In this chapter, I give a rationale and history of the development of Trauma Healing. In a second section, I explain the development of the Story-based Trauma Healing for oral communicators. Finally, I discuss outcomes: results, lessons learned, and possible implications for the broader field of orality.

What is the good news in today’s world where one-in-every-seven people have experienced significant trauma? Wars, riots, terrorist attacks, displacement, trafficking, Ebola, HIV, earthquakes, floods fill the evening news, not to speak of the less visible but widespread domestic abuse that turns home sweet home into war zone. Dr. Diane Langberg has said that trauma is the biggest mission field of the 21st century. If this is true, what is the good news?

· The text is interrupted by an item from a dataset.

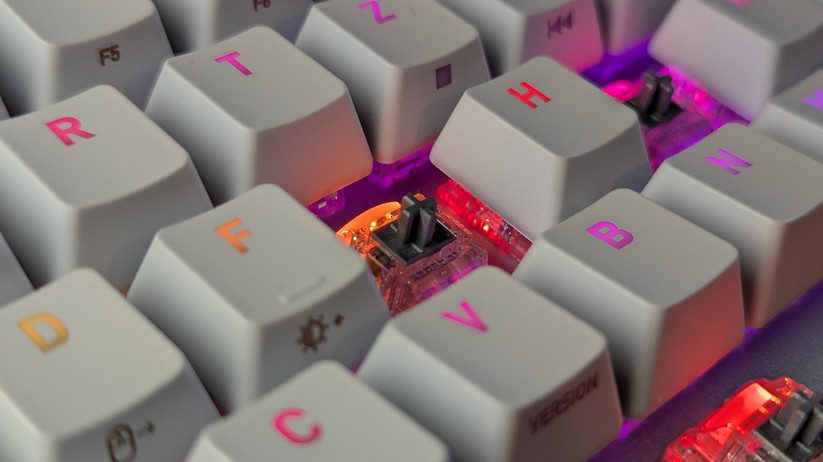 Cherry Xtrfy K5 Pro TMR Compact - Bilder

Trauma isolates. It isolates us from one another. It isolates us from God. It even isolates parts of our brain from each other. It stresses our bodies so we are more likely to become ill. It dissociates us from the present, from our past and from the ability to think about the future. And it is passed on to our children, both by their experience and in their genes. Can people recover? Does the Bible have anything to say about suffering?

Rationale and History of Trauma Healing

In 2001, a small group of Wycliffe missionaries, mental health professionals, and church leaders met in Nairobi to answer the question coming from pastors in war zones: “Our people are acting strangely since the attacks. What can we do?” Little did that group know what would become of their efforts. Lessons that fused Bible and mental health principles were drafted, and over time, tested, taught and translated into languages of Africa. Word got out and requests came pouring in. By 2010, “Healing the Wounds of Trauma” was translated into more than 150 languages for communities around the world. I have served as chief editor and designer, but the plural ‘we’ is the best pronoun to use to describe the development of this ministry.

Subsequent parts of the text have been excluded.